*BRIEF:*
Repeat every entry exactly. Do not include the pictures.

*MATERIAL FOR THIS EXERCISE:*

----

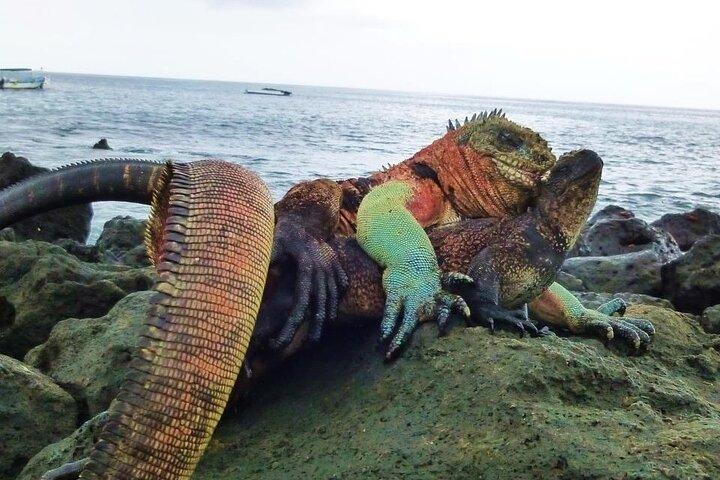 Day Tour to Floreana Island with Highland Tour and Snorkeling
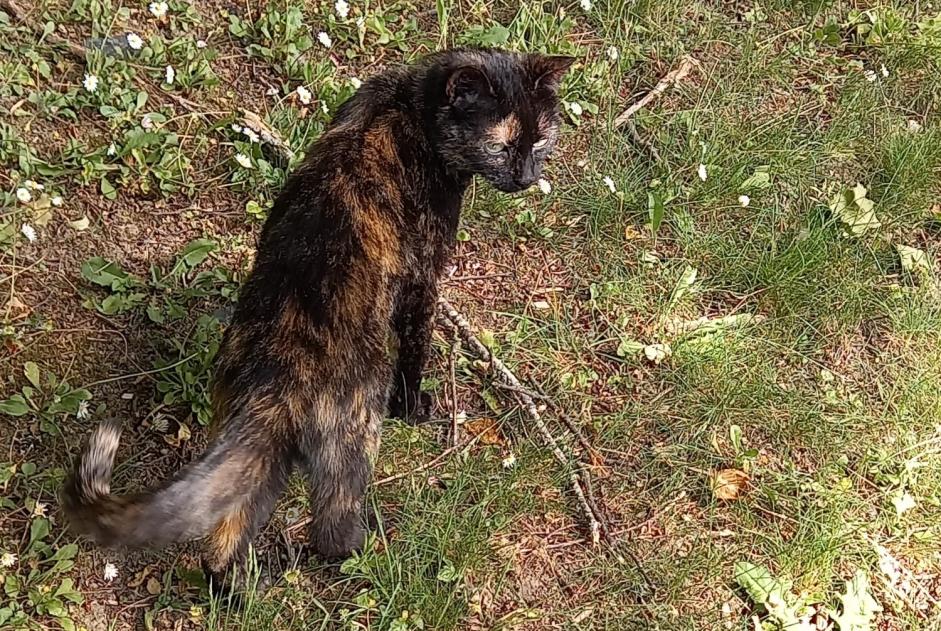 Fundmeldung Katze Weiblich , 1 Jahr Les Ponts-de-Cé Frankreich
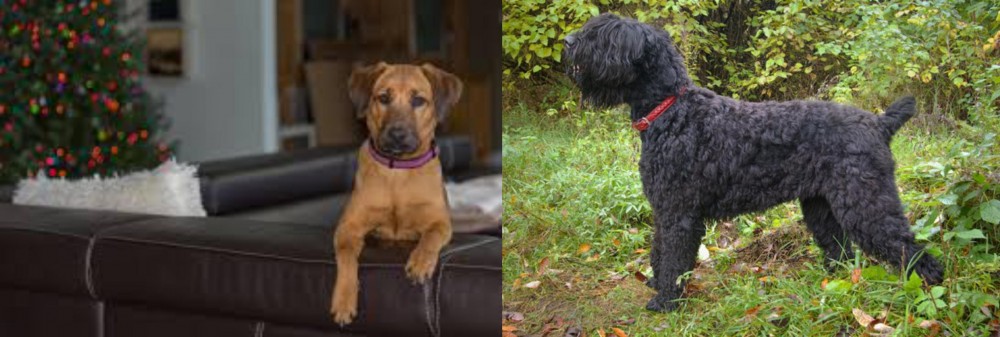 Black Russian Terrier vs Black Mouth Cur - Breed Comparison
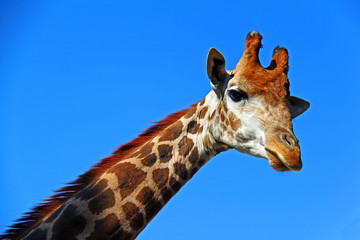 Giraffe against the sky
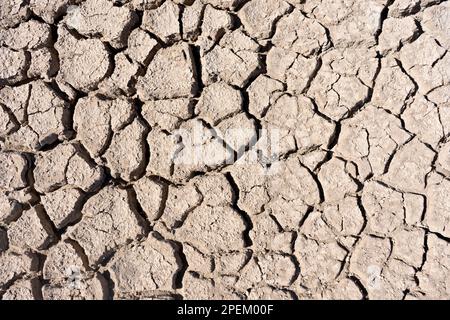 a close up view of a cracked and dry surface of mud Stock Photo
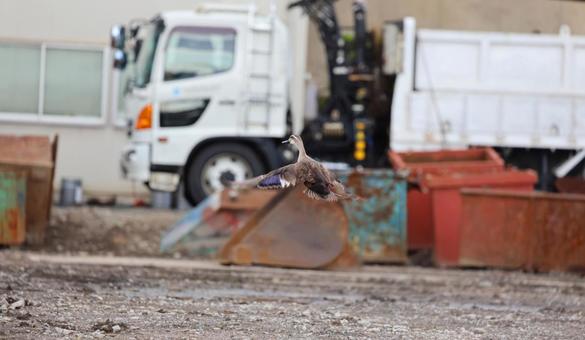 Photo, cargamo, holiday, construction site, 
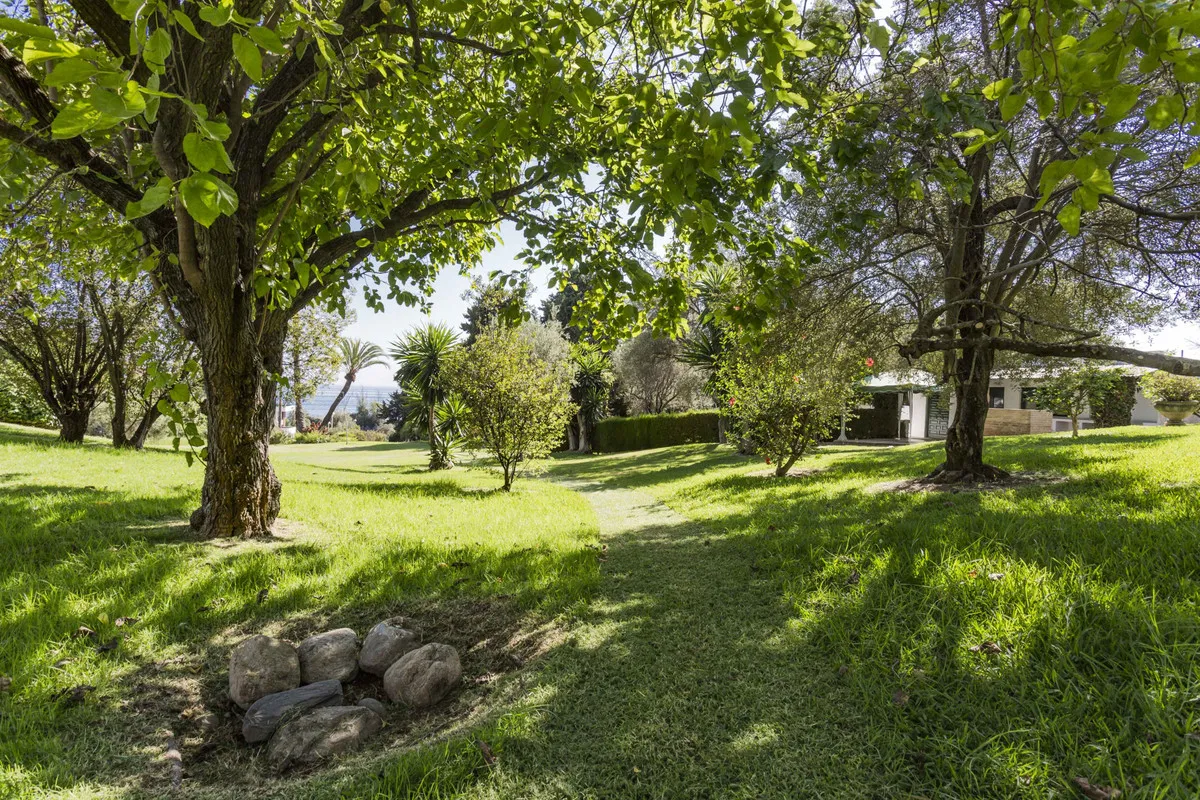 cef49fe8-f1fc-4b2c-93fa-d2b2f1bb7334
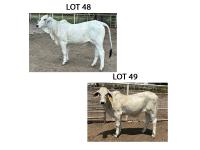 LOT 049 - 23/3 (P) OR LOT 048 - 20/3 (P)  - PICK OR X THE MONEY OF LOTS CHOSEN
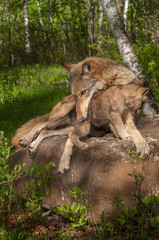 Grey Wolf (Canis lupus) Holds on to Pup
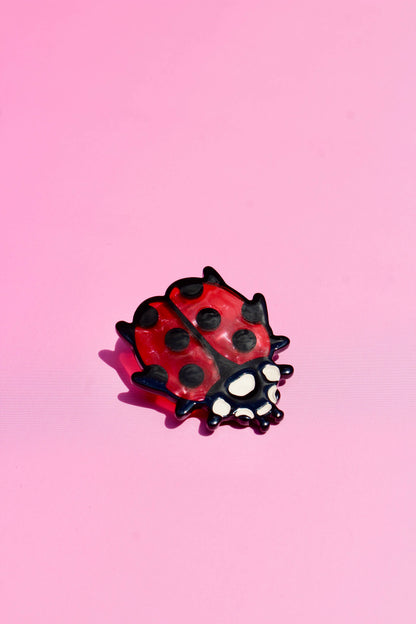 Lady Bug Hair Clip Set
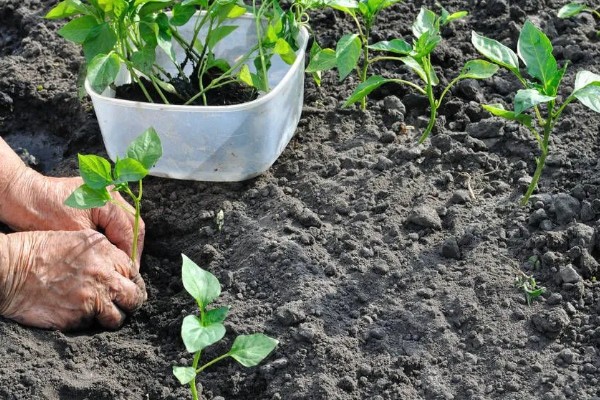 辣椒的种植方法，播种前先浸种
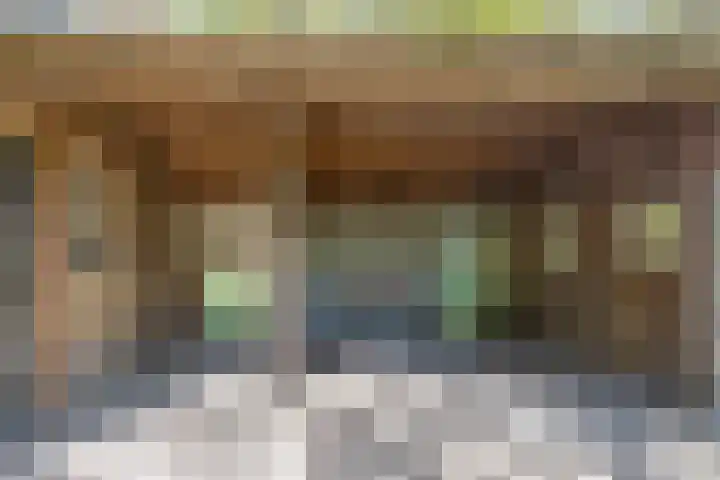 Besselaar 13 A Gemonde thumbnail 34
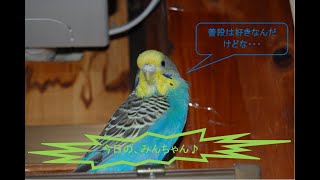 【セキセイインコ】今日のみんちゃん　粟穂をあげてみた。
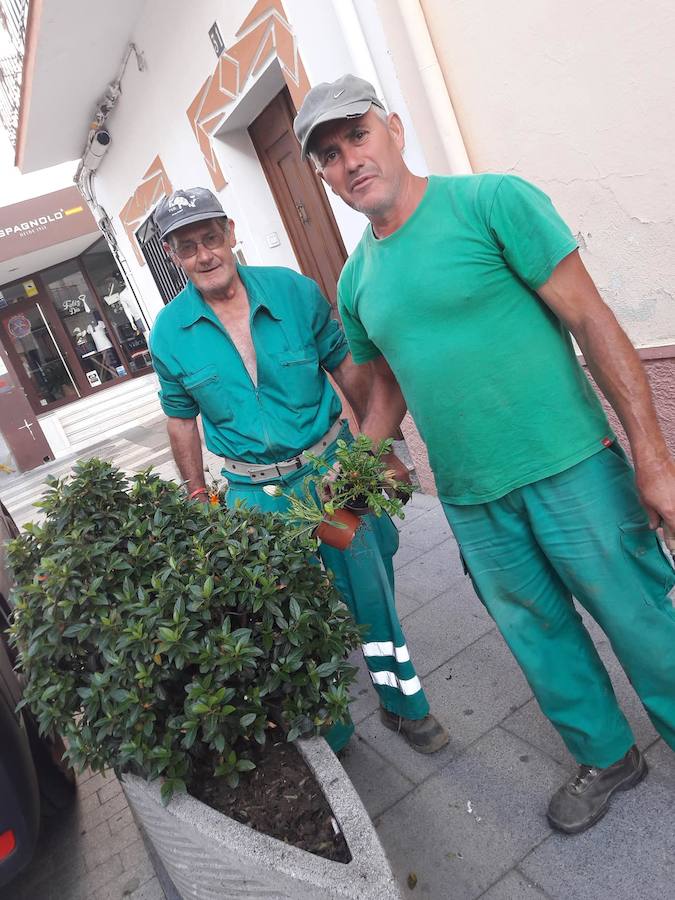 Dos jardineros plantando los viveros en la avenida de Trujillo. 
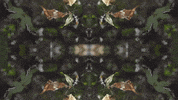 Art Love GIF by jorgemariozuleta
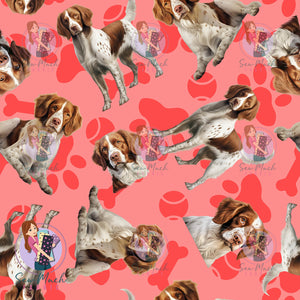 Brittany Spaniel 1 | Pre-Order |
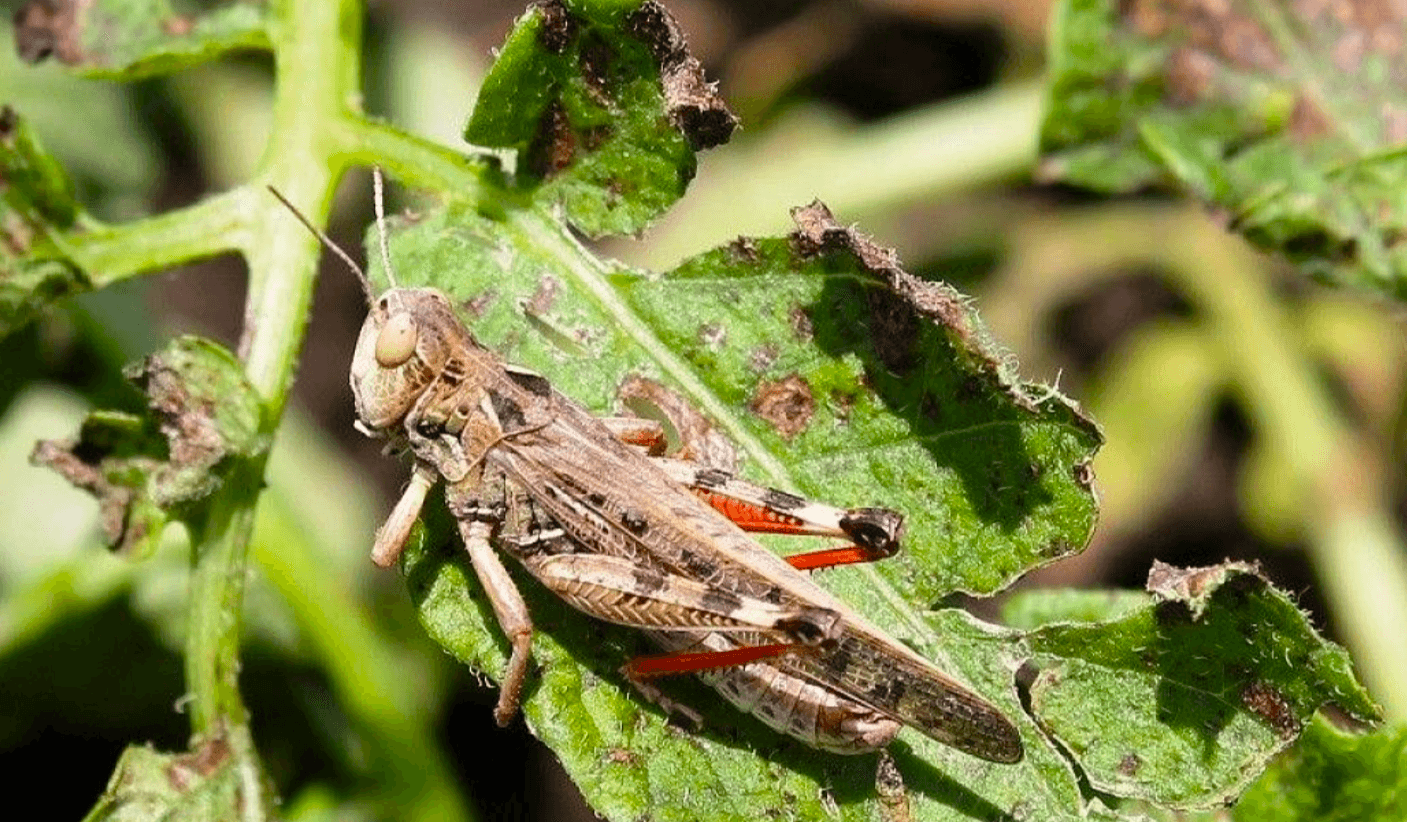 Саранча атакує: як уберегти свій город і врятувати врожай!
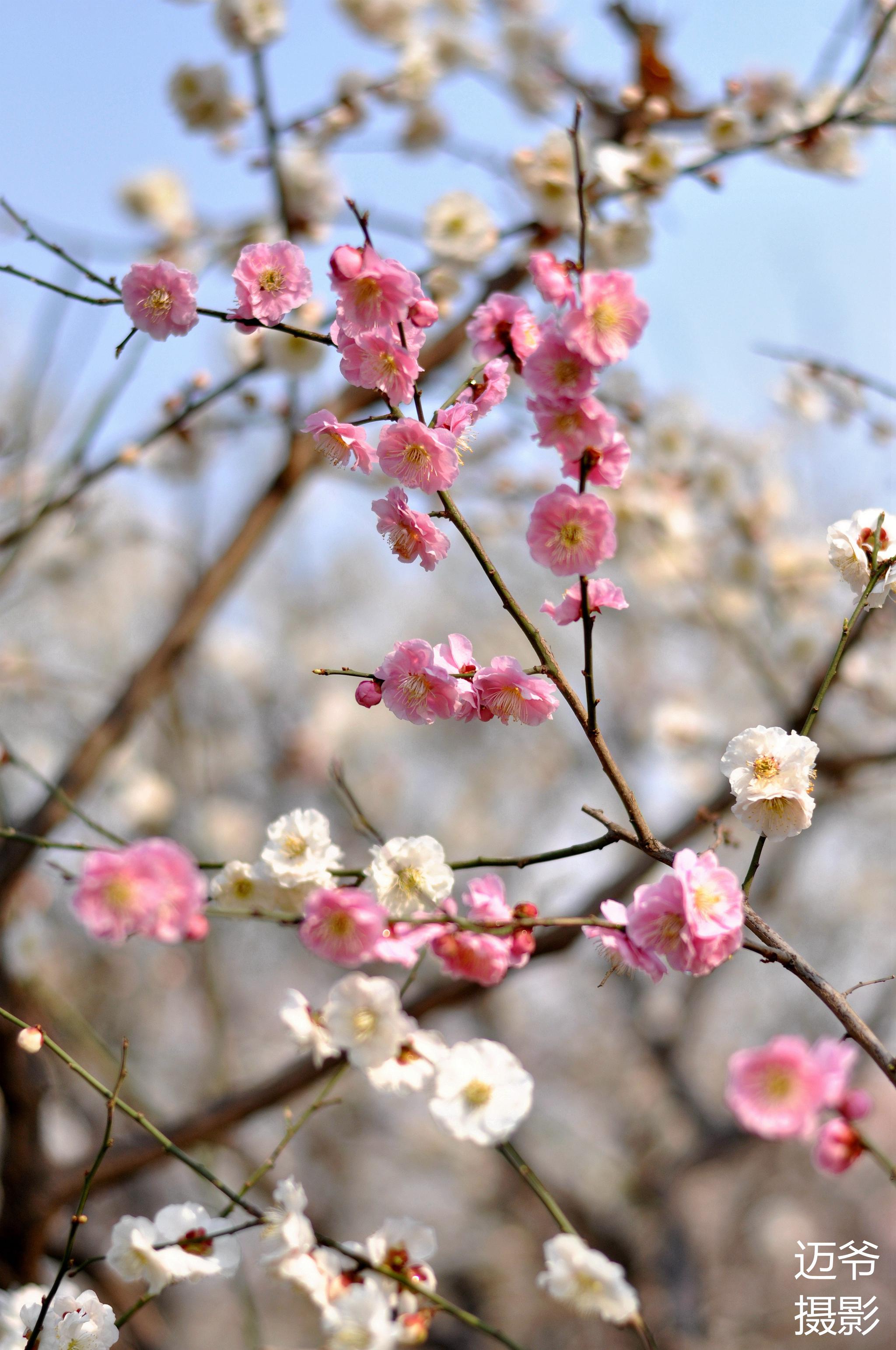 梅花【原创摄影】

----

*ANSWER TO THE EXERCISE:*
 Day Tour to Floreana Island with Highland Tour and Snorkeling
 Fundmeldung Katze Weiblich , 1 Jahr Les Ponts-de-Cé Frankreich
 Black Russian Terrier vs Black Mouth Cur - Breed Comparison
 Giraffe against the sky
 a close up view of a cracked and dry surface of mud Stock Photo
 Photo, cargamo, holiday, construction site, 
 cef49fe8-f1fc-4b2c-93fa-d2b2f1bb7334
 LOT 049 - 23/3 (P) OR LOT 048 - 20/3 (P)  - PICK OR X THE MONEY OF LOTS CHOSEN
 Grey Wolf (Canis lupus) Holds on to Pup
 Lady Bug Hair Clip Set
 辣椒的种植方法，播种前先浸种
 Besselaar 13 A Gemonde thumbnail 34
 【セキセイインコ】今日のみんちゃん　粟穂をあげてみた。
 Dos jardineros plantando los viveros en la avenida de Trujillo. 
 Art Love GIF by jorgemariozuleta
 Brittany Spaniel 1 | Pre-Order |
 Саранча атакує: як уберегти свій город і врятувати врожай!
 梅花【原创摄影】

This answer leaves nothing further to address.